The Company may redeem the Notes at any time prior to January 15, 2018, at a price equal to 100% of the principal amount thereof, plus accrued and unpaid interest, if any, to the redemption date, plus the applicable make-whole premium. On or after January 15, 2018, the Company may redeem all or a part of the Notes at redemption prices (expressed as percentages of principal amount thereof) set forth below, plus accrued and unpaid interest, if any, to the applicable redemption date of the Notes, if redeemed during the 12-month period beginning on January 15 of the year as follows:
|
| | |
Year | | Percentage |
2018 | | 106.188% |
2019 | | 104.125% |
2020 | | 102.063% |
2021 and thereafter | | 100.000% |
In addition, prior to January 15, 2018, the Company may redeem the Notes in an aggregate principal amount of up to 40.0% of the original aggregate principal amount of the Notes with funds in an equal aggregate amount not exceeding the aggregate proceeds of one or more equity offerings, at a redemption price of 108.250%, plus accrued and unpaid interest, if any, to the applicable redemption date of the Notes.
Credit Agreement
The Company’s Credit Agreement provided for a term loan credit facility (“Term Loan”) in an original aggregate principal amount of $250.0 million. The Term Loan amortizes in nominal quarterly installments equal to one percent of the aggregate initial principal amount thereof per annum.

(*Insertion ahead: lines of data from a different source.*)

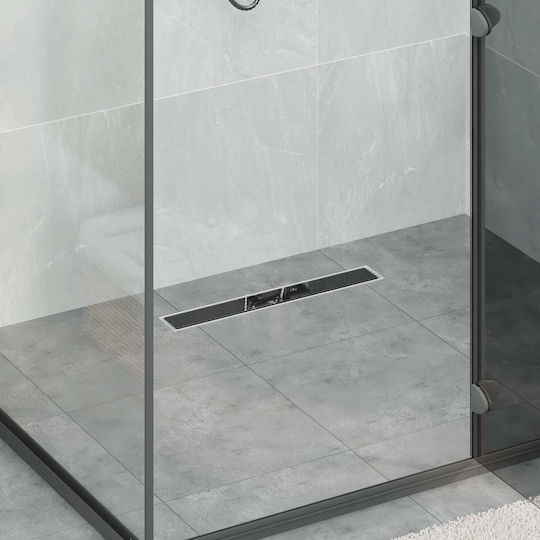 vidaXL Siphon Dusche mit Größe 50x11cm Schwarz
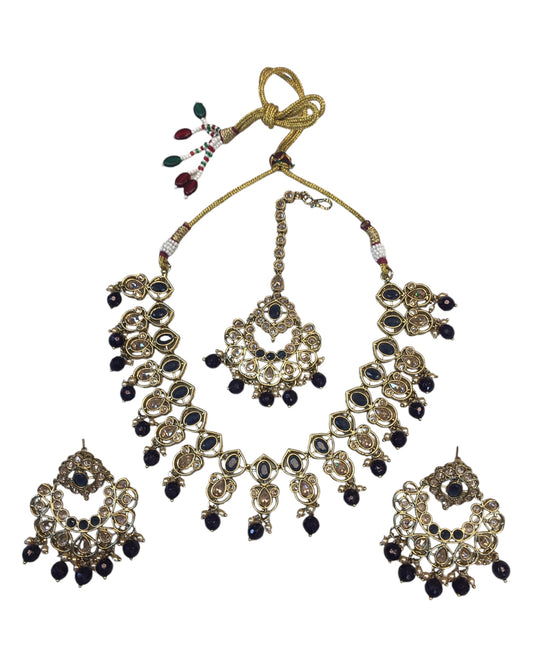 Navy Blue - Large Size Antique Gold Finish Necklace Set with Earrings - AV7787 11KK24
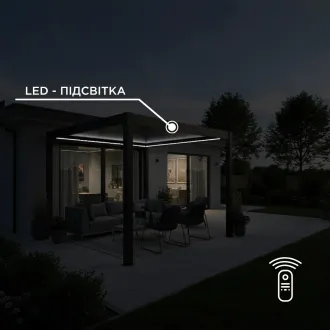 Беседка Positano 3х4 м, крыша open/close (механическая) + LED, антрацит — фото 4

On May 2, 2017, the Company entered into Amendment No. 2 (the “Amendment”) to its existing Credit Agreement, dated as of June 22, 2012, between NCI Building Systems, Inc., as borrower, and Credit Suisse AG, Cayman Islands Branch, as administrative agent and collateral agent and the other financial institutions party thereto from time to time (as previously amended by Amendment No. 1, dated as of June 24, 2013, the “Existing Term Loan Facility” and, as amended, the “Term Loan Facility”), primarily to extend the maturity date and reduce the interest rate applicable to all of the outstanding term loans under the Term Loan Facility.

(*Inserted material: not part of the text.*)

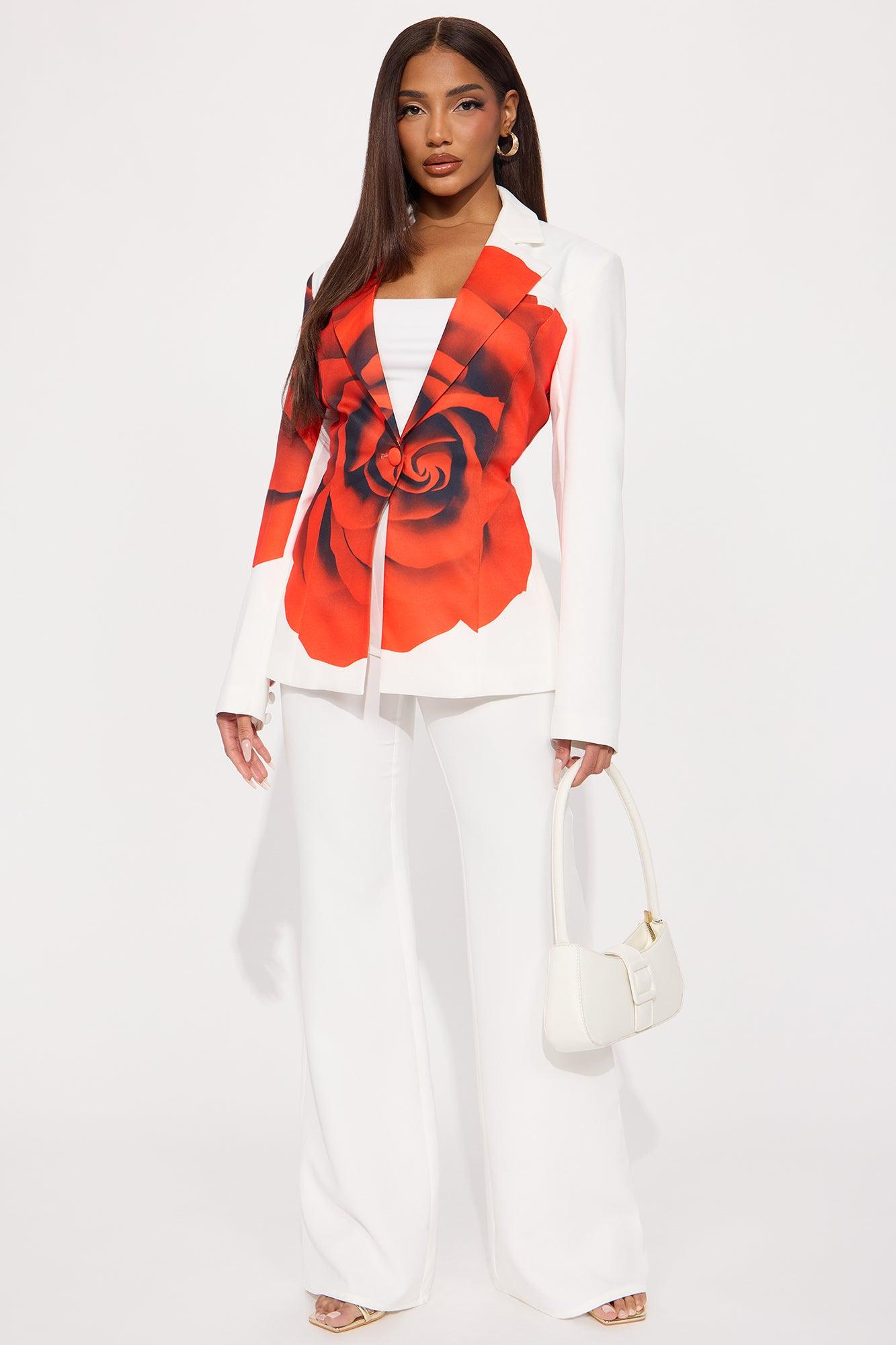 Rosy Elegance Blazer Pant Set - White/combo Product Image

Prior to the Amendment, approximately $144.1 million of term loans (the “Existing Term Loans”) were outstanding under the Existing Term Loan Facility. Pursuant to the Amendment, certain lenders under the Existing Term Loan Facility extended their Existing Term Loans, in an aggregate amount, along with new term loans advanced by certain new lenders of approximately $144.1 million (the “New Term Loans”). The proceeds of the New Term Loans advanced by the new lenders were used to prepay in full all of the Existing Term Loans that were not extended as New Term Loans. Pursuant to the Amendment, the maturity date of the New Term Loans was extended to June 24, 2022.
Pursuant to the Amendment, the New Term Loans bear interest at a floating rate measured by reference to, at the Company’s option, either (i) an adjusted LIBOR not less than 1.00% plus a borrowing margin of 3.00% per annum or (ii) an alternative base rate plus a borrowing margin of 2.00% per annum. At July 30, 2017, the interest rate on the Term Loans was 4.02%.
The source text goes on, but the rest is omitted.